Салтыков, потягиваясь, отодвинулся от ноутбука и прошёл в кухню. Там на подоконнике стояла бутылка со швепсом и недопитая с водкой. Он налил себе в стакан водки со швепсом, молча выпил и тоскливо уставился в окно, меланхолично закусывая солёным помидором из банки.

Олива подошла к нему сзади и обняла его, показывая, что не сердится. Салтыков, продолжая молчать и неподвижно пялиться в окно, только поморщился.

«О Господи, как она мне надоела… — тоскливо подумал он, тщетно пытаясь выловить вилкой помидор из банки, в которой остался один рассол, — И она надоела, и этот тухлый город… Надо, надо вырываться прочь от этой заплесневелой рутины… Надо…»

Салтыков, убедившись, что помидоров в банке больше не осталось, оторвался, наконец, от окна.

— Что-то я проголодался, мелкий, — сказал он, — Нет ли у нас чего пожрать?

— Холодильник почти пуст; парни всё съели за вчерашний день.

— Фигово. Может, тогда пиццу закажем? Как ты на это смотришь?

— Ну, если хочешь… — замялась Олива.

— Давай пятьсот рублей, мелкий.

Олива покорно достала из своей сумки пятихатку и протянула её Салтыкову.

«Ну, вот и всё, — пронеслось в её голове, — Он уже использует меня, как ему заблагорассудится, а я позволяю ему вытирать об себя ноги, лишь бы он не бросал меня. Эх, Олива, Олива, где твоя гордость, в каком кабаке пропила ты её, на какую мелочь разменяла? Нет во мне больше гордости; и я не человек более…»

Между тем, принесли пиццу; Салтыков с жадностью набросился на еду.

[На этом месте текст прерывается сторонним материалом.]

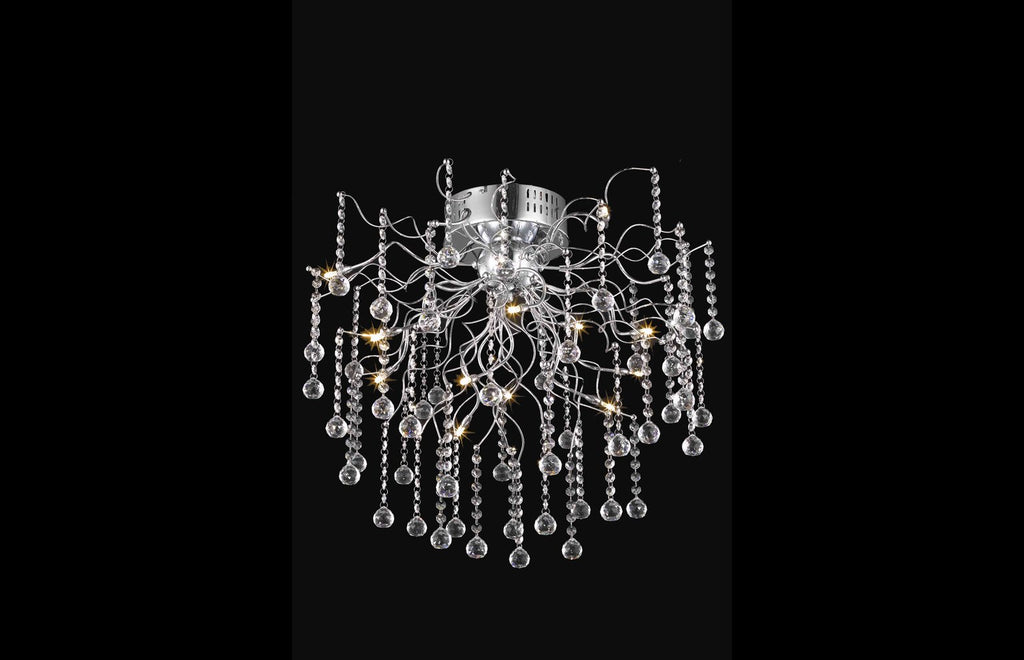 C121-2075F24C/RC - Regency Lighting: Astro 12 light Chrome Flush Mount Clear Royal Cut Crystal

Олива села подле него, обхватив руками его ноги, прильнула лицом к его коленям.

— Мелкий, ты словно собачка, которая просит у хозяина кусочек пиццы, — с иронией заметил Салтыков.

Всё это: и его насмешливая холодность, и пятьсот рублей, и оскорбительное сравнение с собакой не вызывало больше у Оливы чувства уязвлённой гордости. Гордость её была настолько задавлена страхом вновь остаться одной, что она уже не смела никоим образом проявлять себя. У неё уже не было моральных сил встать с колен, оборвать двумя-тремя резкими фразами зарвавшегося Салтыкова, схватить свои вещи и уйти, хлопнув дверью, уйти так, чтобы больше никогда не возвращаться. Весь свой лимит гордости Олива уже исчерпала до конца, и теперь она по-прежнему продолжала сидеть у Салтыкова в ногах и смотреть ему в рот своим преданным и несчастным взглядом дворовой собаки.

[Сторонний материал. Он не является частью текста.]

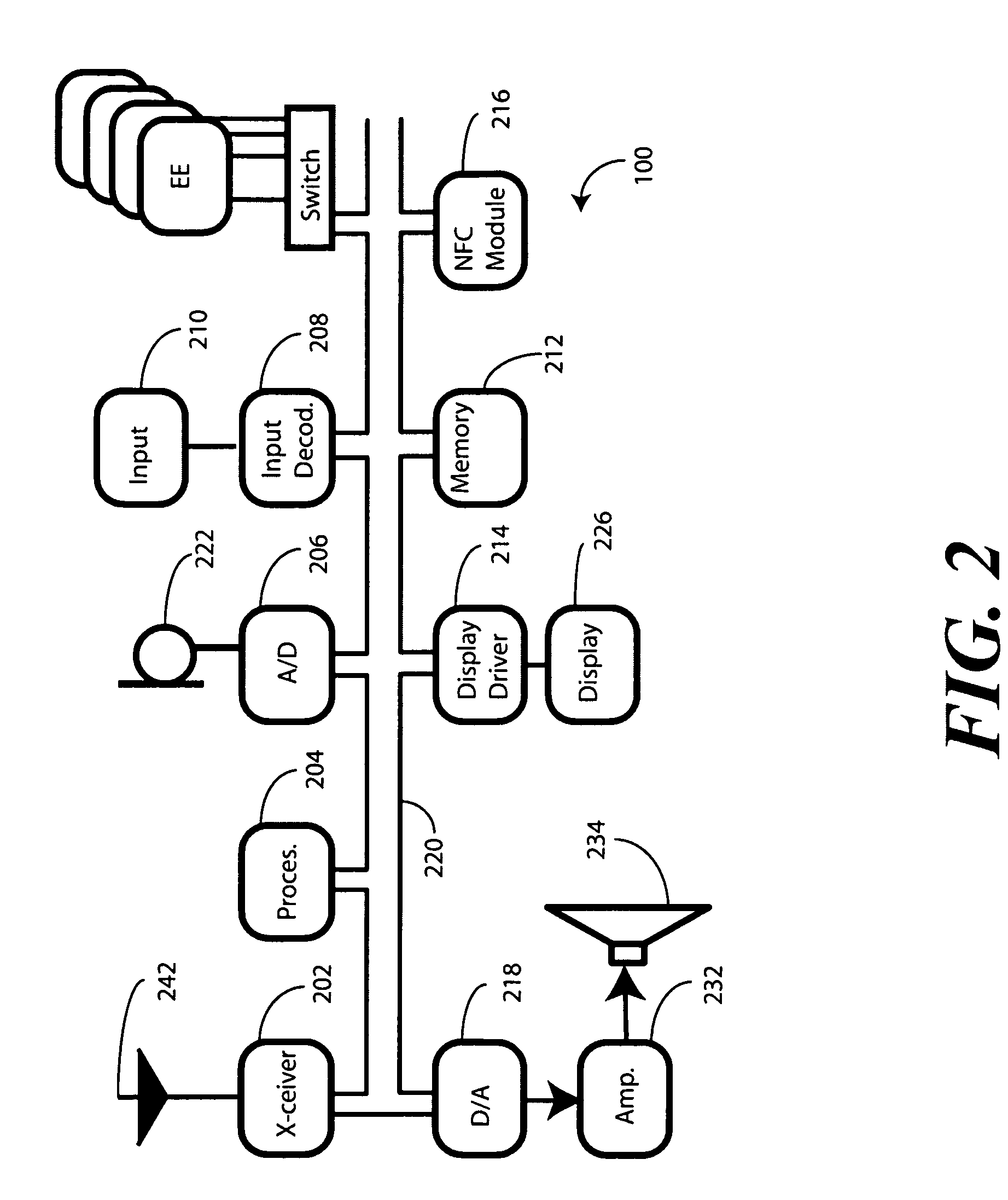 Method and apparatus for automatic near field communication application selection in an electronic device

Салтыков доел пиццу и, не говоря ни слова, повалил Оливу на постель. Просто стащил с неё трусы и выебал. То, как он это делал, нельзя было назвать каким-нибудь приличным словом — он не занимался с ней сексом, не производил половой акт — он её именно ебал во все щели, жестоко и беспощадно.

Салтыков не обращал внимания на её мольбы и слёзы. Он распластал её на кровати, мучил снова и снова. Олива плакала от боли, просила пощады. Она умоляла его быть осторожнее. Боль была просто адская.

Потом он откинулся на спину, лежал и молча смотрел на лампу, еле заметно мигающую на потолке. Олива рыдала, исступлённо целовала ему руки.

— Не бросай меня… Я ведь это делаю только из любви к тебе… У меня же никого до тебя не было… Если ты бросишь меня, я… умру…

Салтыков сжал скулы, как от зубной боли. Ему некомфортно было лежать в постели рядом с Оливой. Кое-как, наспех и без удовольствия удовлетворив физическую потребность, он более всего хотел бы сейчас, чтобы она куда-нибудь испарилась. Салтыкову не нужны были ни поцелуи её, противно-мокрые, ни любовь её, прилипчивая, как изжёванная жевательная резинка.

— Мелкий, слезь с меня, я схожу покурю.

— Но поклянись мне, что ты меня всё ещё любишь!..

— Всё нормально, мелкий…

— Нет. Я не это хотела от тебя услышать.

— А что?

— Что ты мне раньше говорил всегда…

— А, это… Я люблю тебя, мелкий.

Он попытался мягко высвободиться из её рук и встать с постели, но она, словно ополоумев, снова схватила его руку и, плача, принялась целовать.

— Не бросай меня… Не бросай… Не бросай…

Салтыков сидел и молча гладил её по волосам.

Глава 28

Прошло две недели.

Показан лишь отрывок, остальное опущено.